Also being part of the conversation about values seems to be a nice thing to do.

I doubt that joining a church would be any more effective in creating change in that church (or broader society) than a vegan getting a job at Taco Bell (even as an assistant manager) would be effective in changing the menu at the restaurant (or the eating habits of broader society).
1) Vegans who work at restaurants that prominently serve cruelty-free meat are probably moving society marginally towards their own values, arguably more so than with a vegan-food-only restaurant. If your personal values are too far from a specific religion, then obviously you will not be very effective, eg if you are a liberal, then probably Southern Baptists are a bad fit, but a mainline Protestant church might be okay.

2) My argument for religious participation is a relative one. That is, I'm arguing that because religions are better than other institutions at pushing their values to the future, that changes made to religious institutions have a greater impact on the future than changes made to other social institutions. Thus, unless you think our ability to change broader society through religious participation is zero, the relative point still stands and is disanalogous to your Taco Bell example.

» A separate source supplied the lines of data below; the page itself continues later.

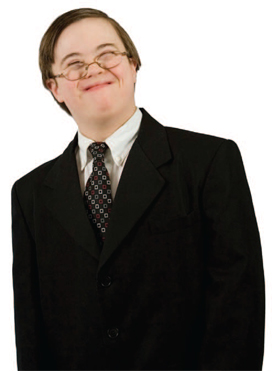 child in a suit smiling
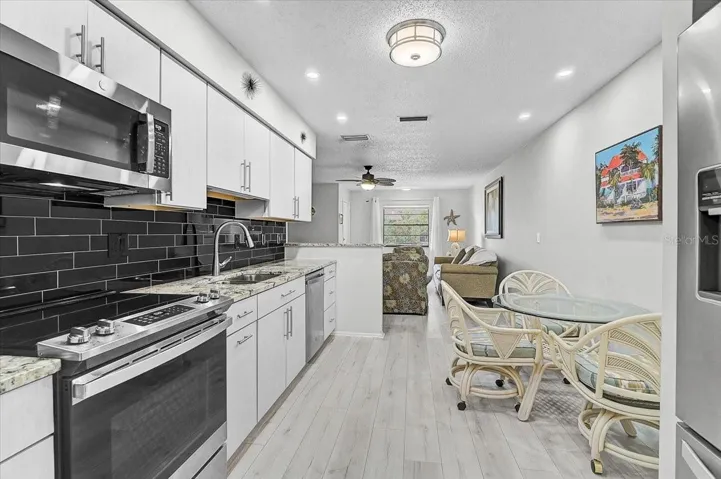 Granite counter tops with Stainless appliances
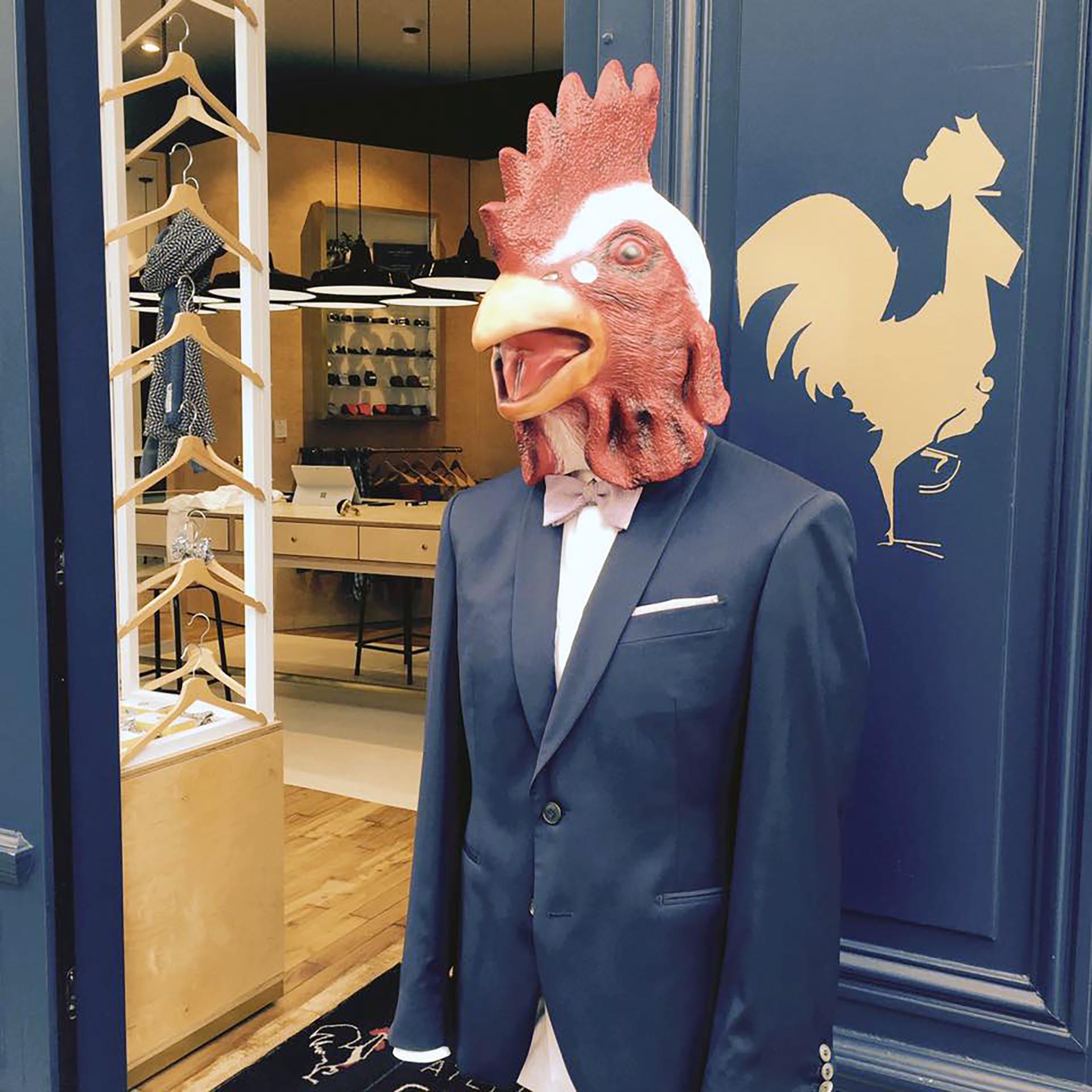 Décor de Noël peint sur la vitrine d’Atelier Coqlico avec coq élégant et sapins stylisés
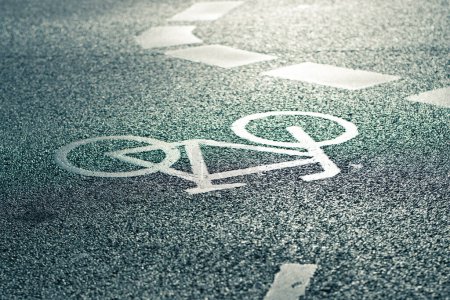 Photo for In the centre of the picture you can see the bicycle symbol of a white road marking, which stands out brightly against the asphalt due to the low sun - Royalty Free Image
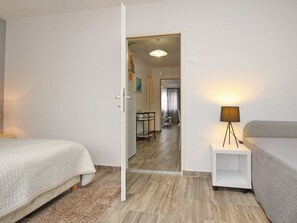 Habitación de hotel con dos camas, una mesita con una lámpara y vista al comedor.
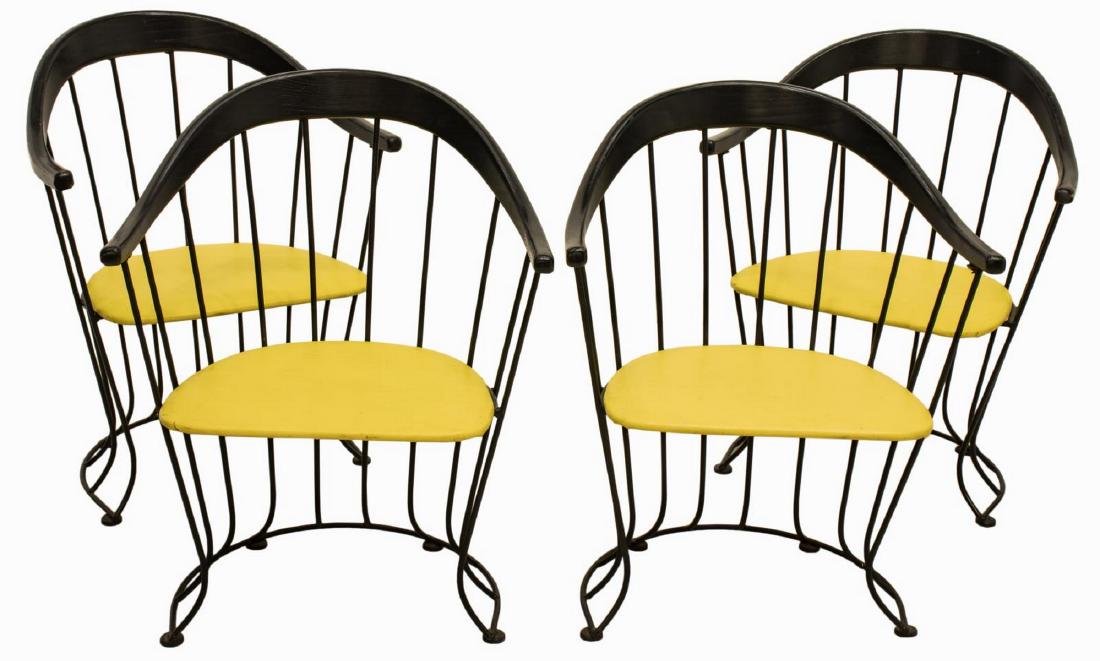 (4) MODERNIST BARREL BACK WOOD & IRON CHAIRS: (lot of 4) Modernist barrel back chairs, c. 1970, bentwood toprail in ebonized finish, over black iron frame, citron faux leather covered seats, rising on glider feet, approx 30.75"h, 24.25"w, 18"d St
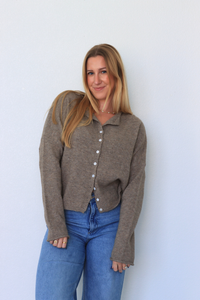 girl wearing brown cardigan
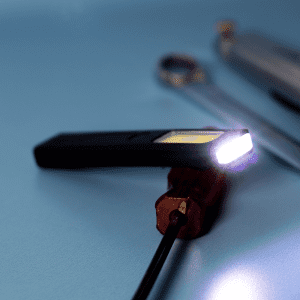 A rechargeable work light in black with a bright white LED, placed on a blue surface alongside tools.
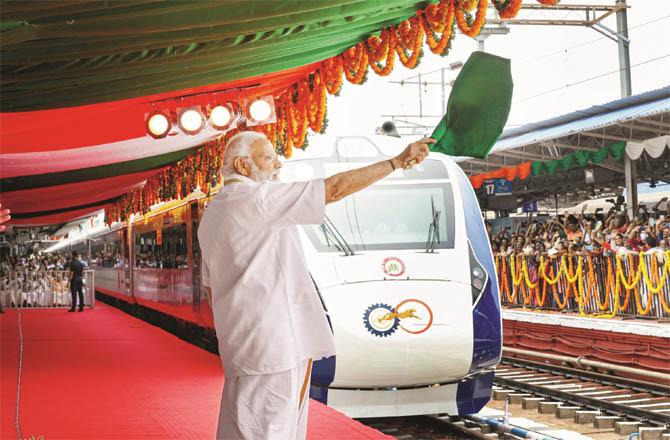 Prime Minister Modi flagging off the Vande Bharat Express. (Photo: PTI)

3) Corporations typically have hierarchical and disciplined authority structures for decision-making. Some religions do as well, but at least in the US, Protestant churches and preachers are often quite independent and there is a lot of regional variation in theology, practice, and values. My own experience in Christian churches is that the deacons and elders often have a large impact on the character of a church, not infrequently being more powerful than the preacher. So I don't agree that "assistant manager" position equivalents for religion don't have an impact on their church culture. Yes, they probably won't convince everyone to become atheists (although they are well-placed to do so). But they can make marginal changes, eg on gender issues or theological ones.